Statement from Global Heritage Fund’s Chief Executive Officer, Stefaan Poortman, regarding the United States of America’s intention to withdraw from UNESCO.

At Global Heritage Fund, I work every day to save historic places and special sites throughout the world. That’s why I was disappointed to learn that the government of the United States has moved to withdraw from the United Nations Educational, Scientific and Cultural Organization (UNESCO), effective December 31st, 2018. Although this move has been expected for some time, it is nonetheless a regretful setback to heritage conservation.

When UNESCO emerged out of the maelstrom of the Second World War as a force for promoting and protecting culture throughout the world, the United States lent its moral might to that mission. Through UNESCO, governments acknowledged that the destruction of cultural heritage was simultaneously the destruction of history and identity. Ever since, UNESCO and its constituent members have worked to protect heritage as a pillar of our shared, universal human identity.

The departure of the United States from UNESCO is a blow to these efforts. Before suspending its dues in 2011, the United States contributed nearly a quarter of UNESCO’s budget, a loss keenly felt at a time when we see public sector budgets for culture declining all over the world. American leadership in UNESCO was an olive branch to the world, a gesture of goodwill and respect to foreign peoples and their cultures. By leaving, the United States weakens the legitimacy of multilateral efforts to defend the world’s cultural heritage, encouraging others to abandon the diplomatic consensus it toiled to build.

As the CEO of Global Heritage Fund, I can only regret such a move. My years of experience in the heritage field have taught me that the success of our work depends on cooperation between governments, civil society, and the private sector. UNESCO has always served as a crucial partner in this balancing act. Whether offering expertise, exposure, or financial support, UNESCO has often been a bridge between Global Heritage Fund’s work and the wider world. It is no exaggeration to say that without the visibility and credibility partnerships with UNESCO provide, our work would not enjoy the success it does today.

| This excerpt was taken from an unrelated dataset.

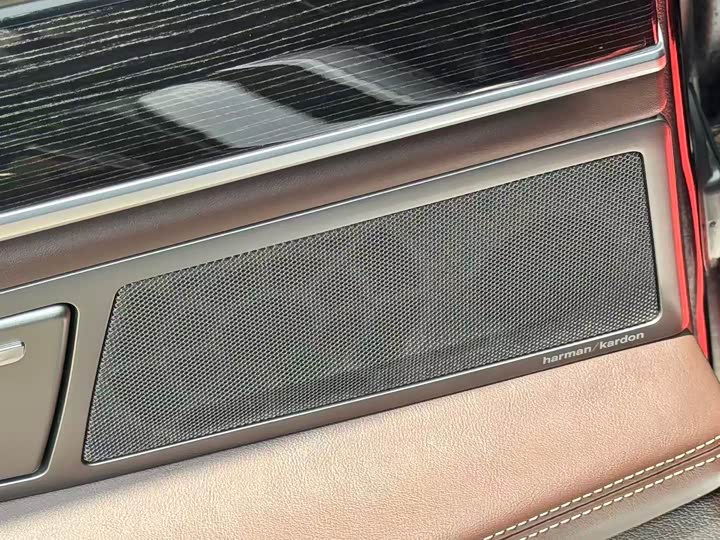 BMW 7 Series — фото 11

Furthermore, I believe that the departure of the United States from UNESCO will make it harder to conserve our many threatened, special places. However, I am heartened by the words of Irina Bokova, Director–General of UNESCO:

I believe UNESCO’s work to advance literacy and quality education is shared by the American people.

I believe UNESCO’s action to harness new technologies to enhance learning is shared by the American people.

I believe UNESCO’s action to enhance scientific cooperation, for ocean sustainability, is shared by the American people.

I believe UNESCO’s action to promote freedom of expression, to defend the safety of journalists, is shared by the American people.

I believe UNESCO’s action to empower girls and women as change-makers, as peacebuilders, is shared by the American people.

I believe UNESCO’s action to bolster societies facing emergencies, disasters and conflicts is shared by the American people.

I echo her words with all the force my position and my organization holds. I hope you — our donors, friends, and fellow Americans — will prove her right. I ask that you stand with me as we affirm the truth that is in all our hearts: though our government may not carry this torch, we will never slacken our efforts to protect the world’s vulnerable cultural heritage from vanishing forever.